- [INPUT DATA]
»»
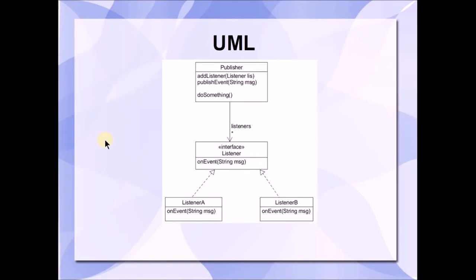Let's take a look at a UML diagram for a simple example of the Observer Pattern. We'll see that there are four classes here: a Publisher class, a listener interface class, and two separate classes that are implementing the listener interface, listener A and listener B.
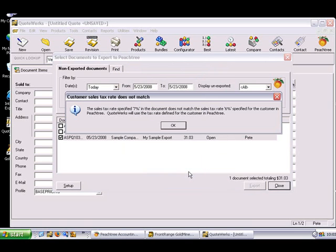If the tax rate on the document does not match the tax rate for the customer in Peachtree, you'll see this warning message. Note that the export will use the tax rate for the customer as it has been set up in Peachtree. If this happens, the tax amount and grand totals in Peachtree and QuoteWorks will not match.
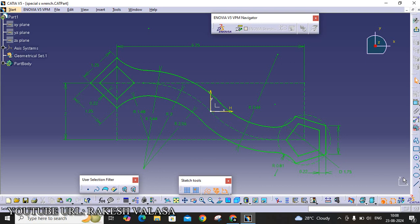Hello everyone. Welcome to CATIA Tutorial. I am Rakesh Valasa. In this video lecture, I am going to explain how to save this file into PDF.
««
- [INSTRUCTIONS FOR THE TASK]
Transcribe exactly the line that contains "If the tax rate" and each line after it through the end of the listing. Leave out the pictures.

- [COMPLETED TASK]
If the tax rate on the document does not match the tax rate for the customer in Peachtree, you'll see this warning message. Note that the export will use the tax rate for the customer as it has been set up in Peachtree. If this happens, the tax amount and grand totals in Peachtree and QuoteWorks will not match.
Hello everyone. Welcome to CATIA Tutorial. I am Rakesh Valasa. In this video lecture, I am going to explain how to save this file into PDF.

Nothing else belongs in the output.